- _What needs to be done_:
All entries are to be reproduced exactly; the pictures are to be omitted.

- _Working data_:
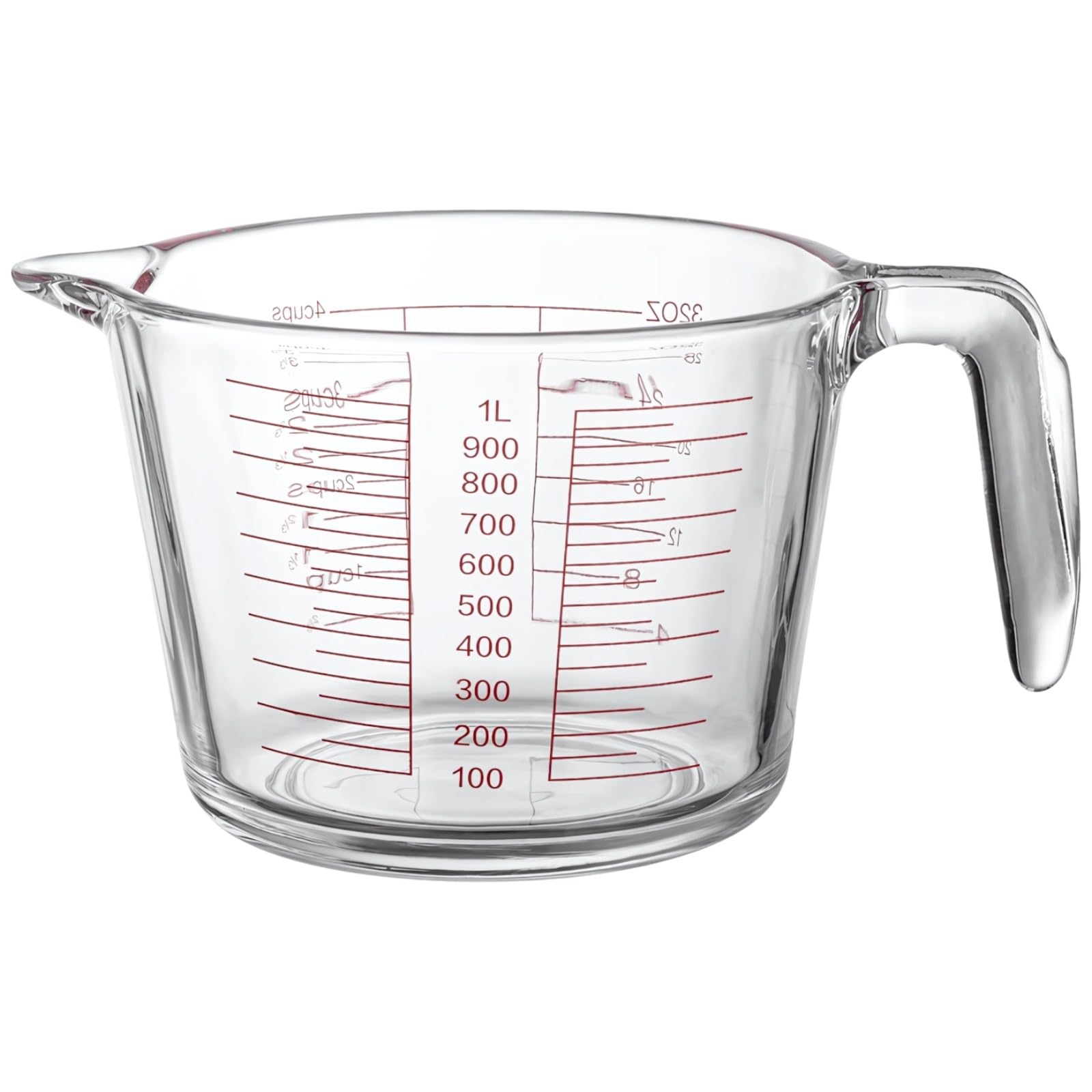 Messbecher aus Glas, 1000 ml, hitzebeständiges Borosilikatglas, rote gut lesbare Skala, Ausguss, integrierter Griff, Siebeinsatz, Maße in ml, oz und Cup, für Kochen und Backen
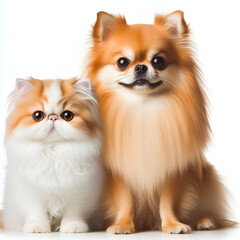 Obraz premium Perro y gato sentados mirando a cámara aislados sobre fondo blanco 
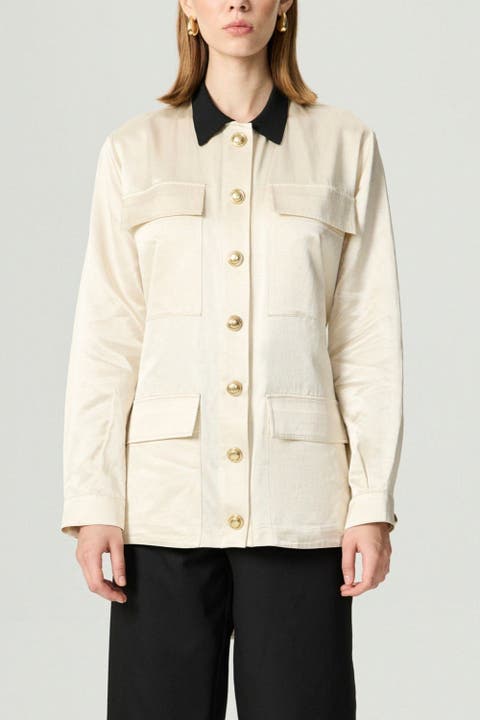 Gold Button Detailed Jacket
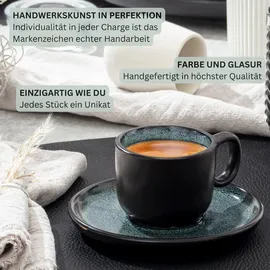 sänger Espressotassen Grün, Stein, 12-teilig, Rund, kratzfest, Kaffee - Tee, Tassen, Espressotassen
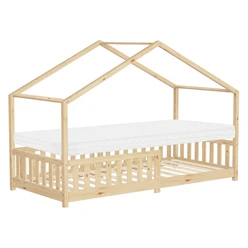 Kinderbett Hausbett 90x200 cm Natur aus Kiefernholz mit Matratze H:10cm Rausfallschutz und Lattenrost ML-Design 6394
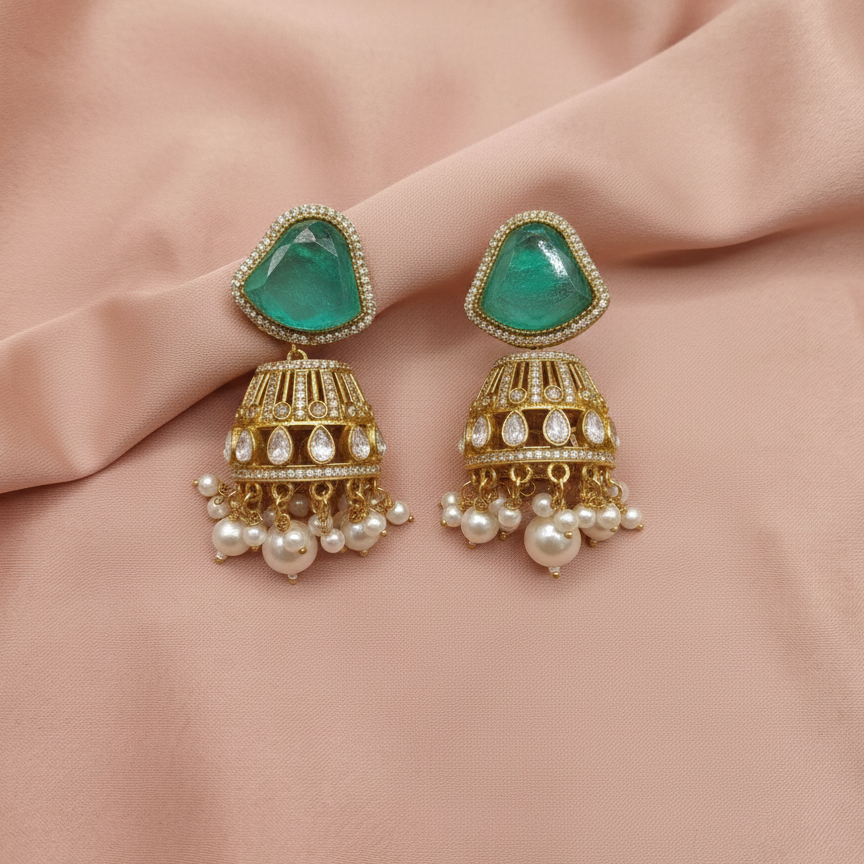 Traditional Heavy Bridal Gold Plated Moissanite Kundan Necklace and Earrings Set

- _Answer below_:
 Messbecher aus Glas, 1000 ml, hitzebeständiges Borosilikatglas, rote gut lesbare Skala, Ausguss, integrierter Griff, Siebeinsatz, Maße in ml, oz und Cup, für Kochen und Backen
 Obraz premium Perro y gato sentados mirando a cámara aislados sobre fondo blanco 
 Gold Button Detailed Jacket
 sänger Espressotassen Grün, Stein, 12-teilig, Rund, kratzfest, Kaffee - Tee, Tassen, Espressotassen
 Kinderbett Hausbett 90x200 cm Natur aus Kiefernholz mit Matratze H:10cm Rausfallschutz und Lattenrost ML-Design 6394
 Traditional Heavy Bridal Gold Plated Moissanite Kundan Necklace and Earrings Set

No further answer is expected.